The London Perl and Raku Workshop takes place on 26th Oct 2024. If your company depends on Perl, please consider sponsoring and/or attending.

NAME

Statistics::CaseResampling - Efficient resampling

SYNOPSIS

  use Statistics::CaseResampling ':all';

  my $sample = [1,3,5,7,1,2,9];
  my $resampled = resample($sample);
  # $resampled is now a random set of measurements from $sample,
  # including potential duplicates
  
  my $medians = resample_medians($sample, $n_resamples);
  # $medians is not an array reference containing the medians
  # of $n_resamples resample runs
  # this is vastly more efficient that doing the same thing with
  # repeated resample() calls
  
  # utility function:
  print median([1..5]), "\n"; # prints 3

DESCRIPTION

This is a simple XS module for resampling a set of numbers efficiently.
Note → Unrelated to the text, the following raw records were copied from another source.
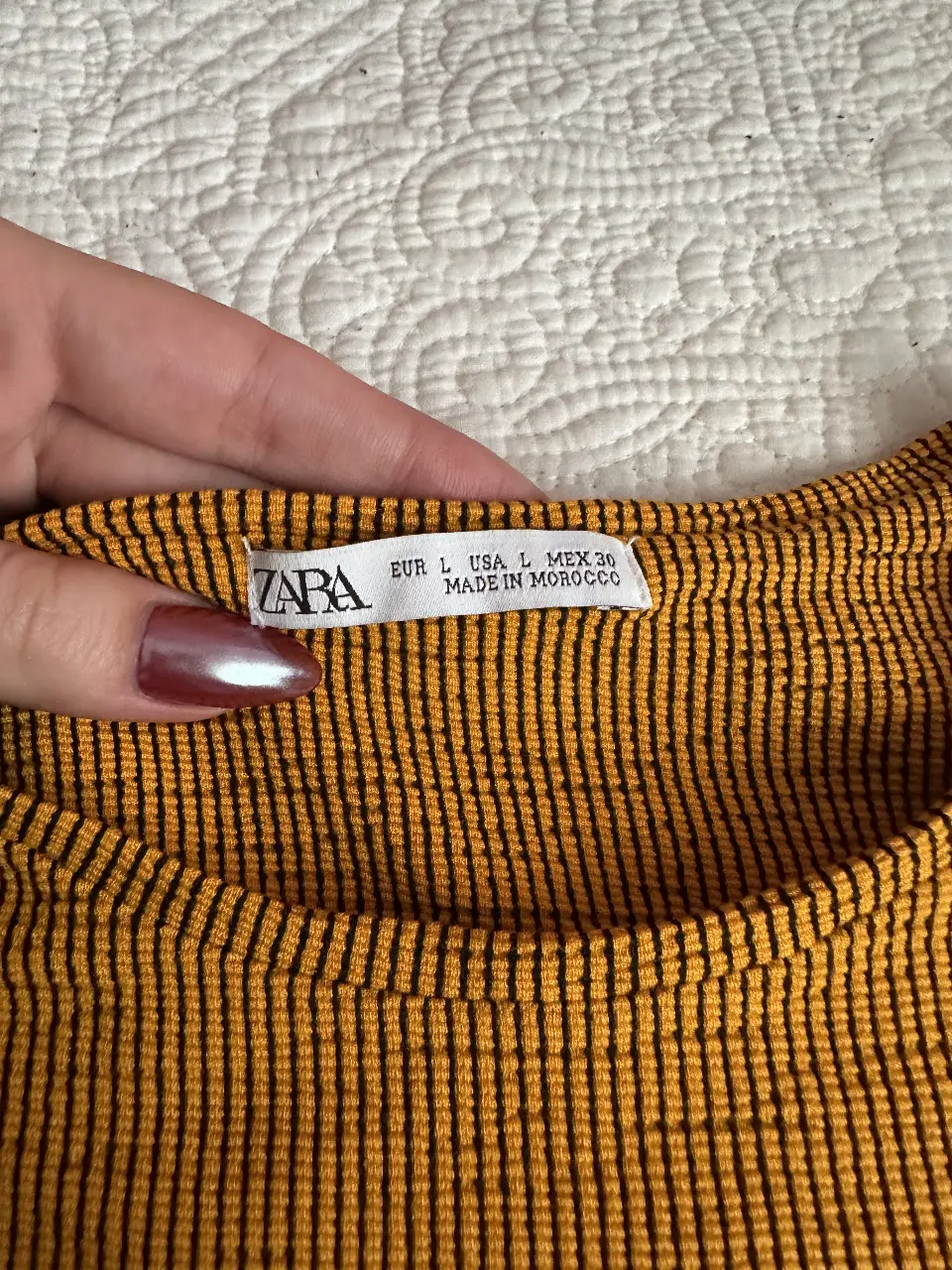 Remera Zara - Vista 3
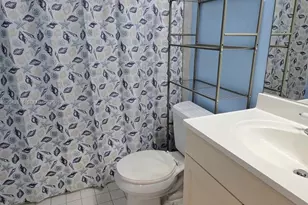800 SW 131st Ave, Pembroke Pines, FL 33027 - Photo 6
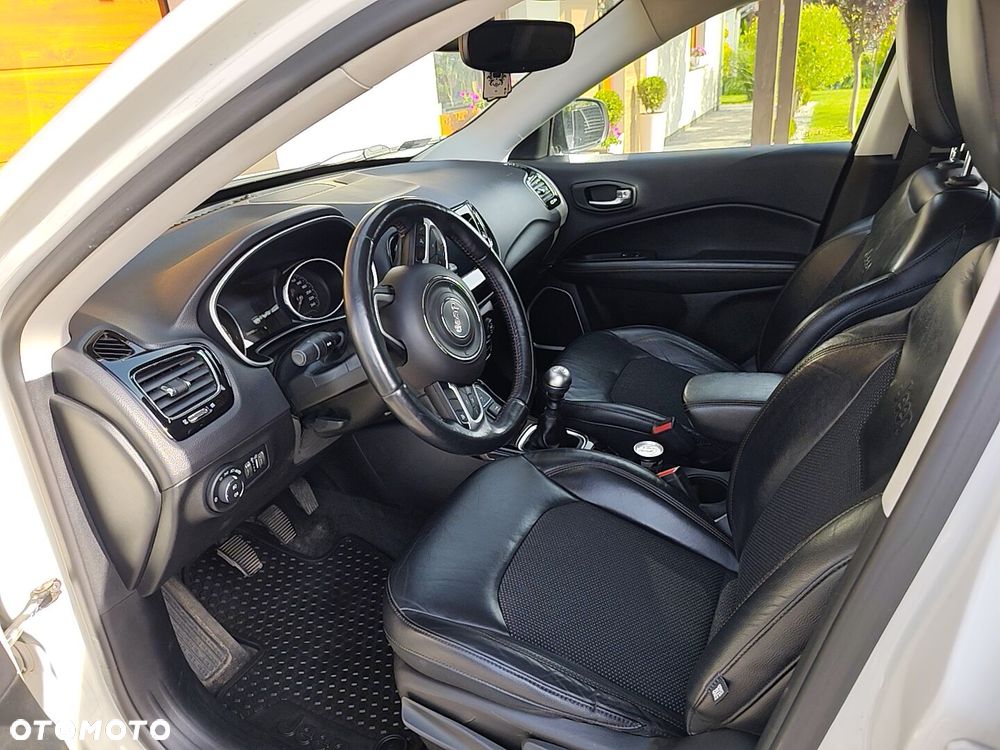 Jeep Compass 2.0 MJD Limited 4WD S&S - 28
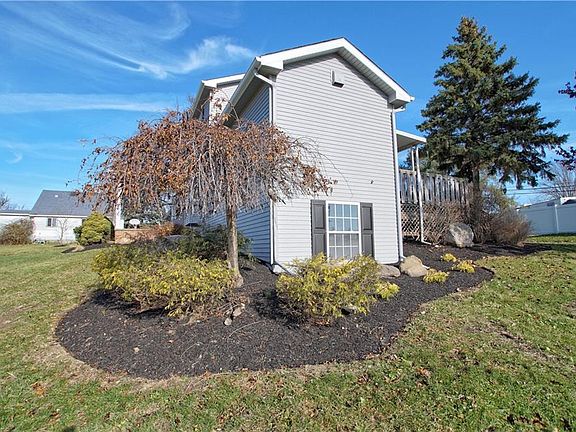 3rd image of 5070 Geneva Dr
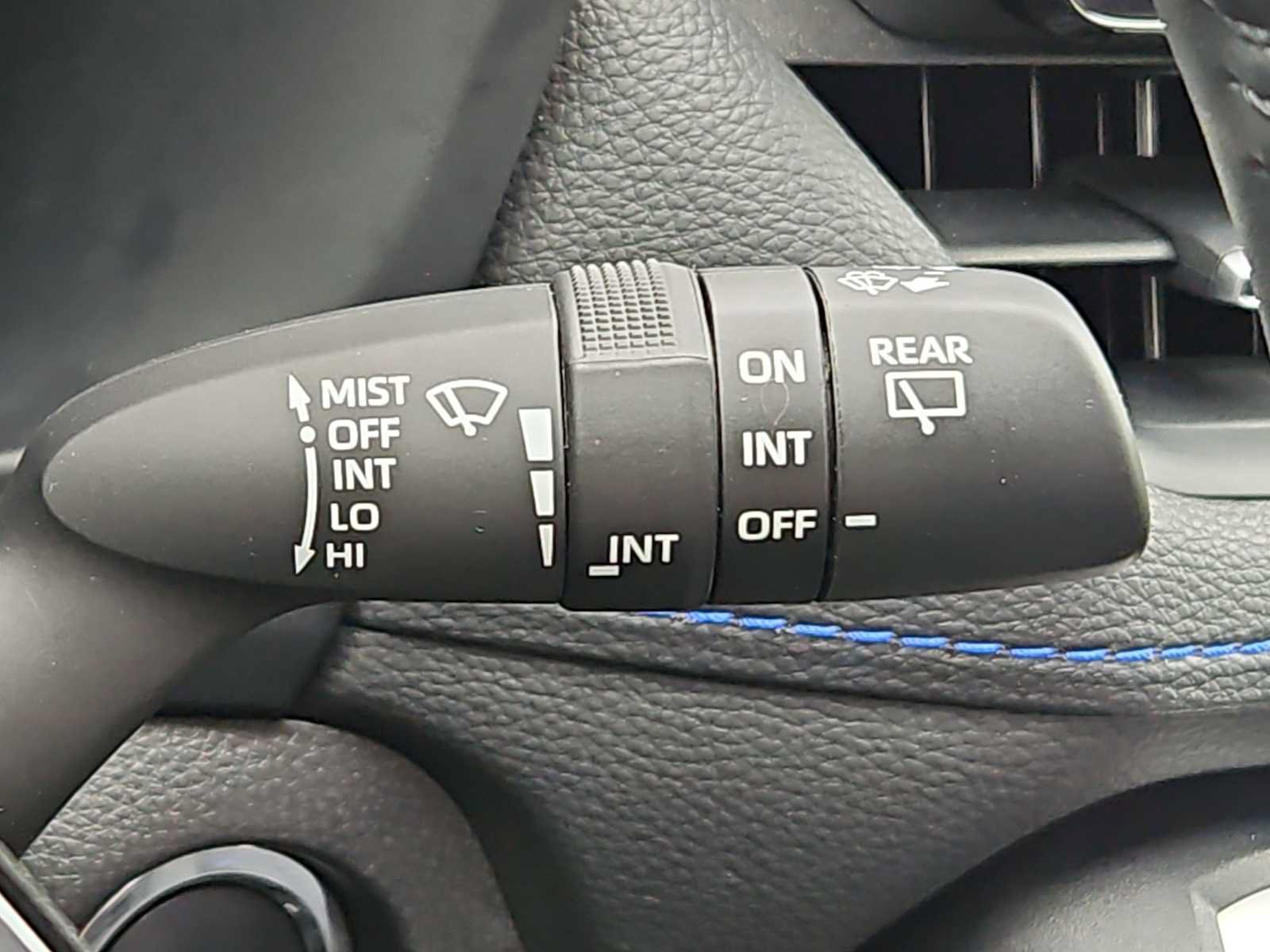 Used 2025 Toyota RAV4 XSE AWD/4WD image 30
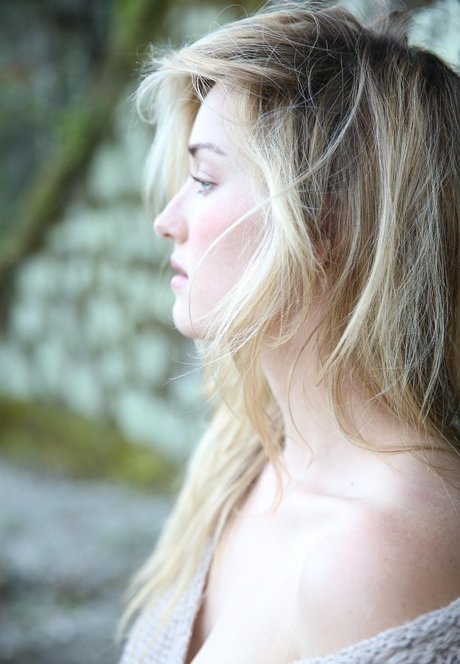 Ashley Johnson nude only fans leaks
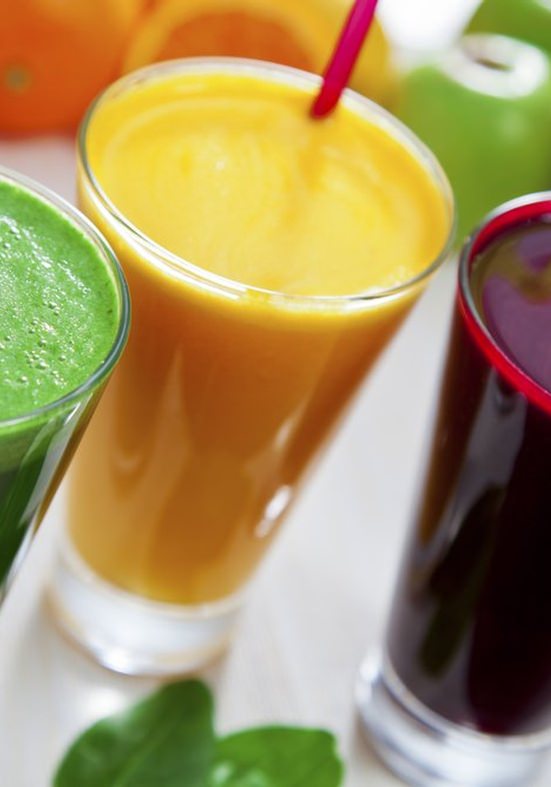 Sucos detox ajudam a desintoxicar os excessos de fim de ano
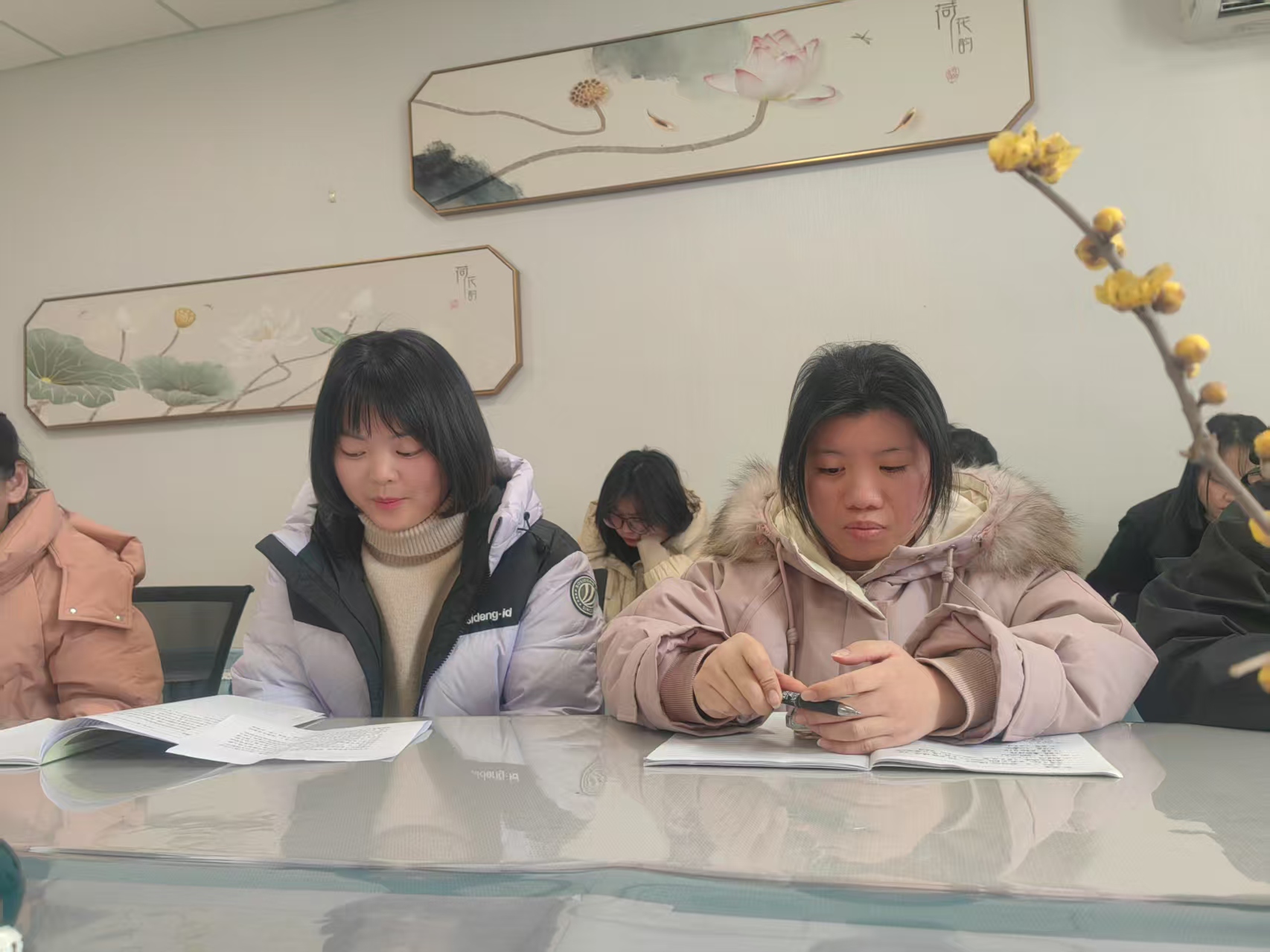 250113拾取微光 汇聚星河_html_7ff94c59.jpg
As a convenience (for my use case), it can calculate the medians (in O(n) using a selection algorithm) of many resamples and return those instead.

Since this involves drawing many random numbers, the module comes with an embedded Mersenne twister (taken from Math::Random::MT).

If you want to change the seed of the RNG, do this:

  $Statistics::CaseResampling::Rnd
    = Statistics::CaseResampling::RdGen::setup($seed);
 

or

  $Statistics::CaseResampling::Rnd
    = Statistics::CaseResampling::RdGen::setup(@seed);

Do not use the embedded random number generator for other purposes. Use Math::Random::MT instead!

EXPORT

None by default.

Can export any of the functions that are documented below using standard Exporter semantics, including the customary :all group.

FUNCTIONS

resample(ARRAYREF)

Returns a reference to an array containing N random elements from the input array, where N is the length of the original array.

median(ARRAYREF)

Calculates the median of a sample. Works in linear time thanks to using a selection instead of a sort. Unfortunately, the way this is implemented, the median of an even number of parameters is, here, defined as the n/2-1th largest number and not the average of the n/2-1th and the n/2th number. This shouldn't matter for nontrivial sample sizes.

resample_medians(ARRAYREF, NMEDIANS)

Returns a reference to an array containing the medians of NMEDIANS resamples of the original input sample.

TODO

One could calculate other statistics than the median in C for performance.

SEE ALSO

Math::Random::MT

AUTHOR

Steffen Mueller, <smueller@cpan.org>

COPYRIGHT AND LICENSE

Copyright (C) 2010 by Steffen Mueller

This library is free software; you can redistribute it and/or modify it under the same terms as Perl itself, either Perl version 5.8.0 or, at your option, any later version of Perl 5 you may have available.